Memo to Agency: Power of Internet Works Both Ways
A few days ago, there was a heated discussion over at copyranter about some new ads which recycle funny student exam answers of the “They Didn’t Study” variety. Meme-tastic scans of such exam answers (“Find X.” “Here it is.”), immortalized by benevolent teachers in public service to the entire Internet long ago, have floated around the web since the Usenet days. In the copyranter thread, some came down on the ad school for “recycling 8-year-old internet jpegs,” while others maintained that all ads repackage old ideas, and that the ads in question did so well.

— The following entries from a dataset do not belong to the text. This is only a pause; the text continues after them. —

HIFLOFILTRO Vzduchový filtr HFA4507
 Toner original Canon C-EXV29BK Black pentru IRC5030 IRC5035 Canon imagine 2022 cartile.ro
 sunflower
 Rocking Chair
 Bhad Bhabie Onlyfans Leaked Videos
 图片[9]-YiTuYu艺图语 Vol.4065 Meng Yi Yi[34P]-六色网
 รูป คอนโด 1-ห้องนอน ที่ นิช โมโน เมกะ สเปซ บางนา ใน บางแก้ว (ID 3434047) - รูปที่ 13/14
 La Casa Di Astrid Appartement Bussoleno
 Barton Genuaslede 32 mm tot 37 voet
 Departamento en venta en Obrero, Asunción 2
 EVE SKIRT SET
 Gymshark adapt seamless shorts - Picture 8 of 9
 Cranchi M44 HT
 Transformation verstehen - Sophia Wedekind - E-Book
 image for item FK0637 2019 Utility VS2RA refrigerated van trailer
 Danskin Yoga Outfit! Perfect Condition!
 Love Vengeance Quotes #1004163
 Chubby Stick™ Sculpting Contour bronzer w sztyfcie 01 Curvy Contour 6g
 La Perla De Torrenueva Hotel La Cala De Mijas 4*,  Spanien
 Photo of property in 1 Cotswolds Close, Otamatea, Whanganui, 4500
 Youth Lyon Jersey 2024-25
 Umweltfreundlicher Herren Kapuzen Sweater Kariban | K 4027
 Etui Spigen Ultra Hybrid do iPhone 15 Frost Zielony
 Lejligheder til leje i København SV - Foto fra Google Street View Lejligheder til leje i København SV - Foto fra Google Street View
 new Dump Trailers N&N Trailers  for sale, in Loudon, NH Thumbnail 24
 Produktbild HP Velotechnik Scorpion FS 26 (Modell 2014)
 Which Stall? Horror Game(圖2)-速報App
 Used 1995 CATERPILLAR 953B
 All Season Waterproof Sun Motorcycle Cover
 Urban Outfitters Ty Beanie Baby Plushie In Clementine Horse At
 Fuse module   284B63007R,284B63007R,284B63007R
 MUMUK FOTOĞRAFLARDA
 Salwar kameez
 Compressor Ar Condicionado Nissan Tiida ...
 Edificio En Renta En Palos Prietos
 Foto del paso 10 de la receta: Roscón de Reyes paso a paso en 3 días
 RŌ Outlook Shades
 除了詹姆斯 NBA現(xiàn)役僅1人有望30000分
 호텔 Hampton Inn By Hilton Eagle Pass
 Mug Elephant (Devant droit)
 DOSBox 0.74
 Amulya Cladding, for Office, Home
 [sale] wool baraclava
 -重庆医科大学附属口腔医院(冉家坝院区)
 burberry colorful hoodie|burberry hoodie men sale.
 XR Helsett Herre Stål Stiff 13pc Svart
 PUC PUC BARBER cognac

Stealing old internet memes, that I can forgive. It’s not worth the effort to get all indignant – not when it can be much worse. How bad can it get? Behold! Compare BBDO Athens’ ad for Dexim at the top of this post to an early photo by Jamie Nelson below.
…really? Really?
First of all: BBDO Athens, this is Photoshop Disasters calling. If you’re going to photoshop a model onto a background, at least make sure you get the shadows right. At least Jamie actually put the model on the that background. If you’re going to copy something, at least improve it. The agency lists the photographer, creative director, art director, art buyer, stylist, hair and makeup artist, and photo producer for this shoot. Clayton Cubitt asks, “it takes that many people to rip-off a young photographer’s little editorial shoot?” Why didn’t they just hire Jamie? This is from the same guys who produced that sexist BMW ad, by the way.
It all comes to a full circle so easily on the web. There’s a whole blog devoted to it. How can people think that they won’t get caught, in this day and age?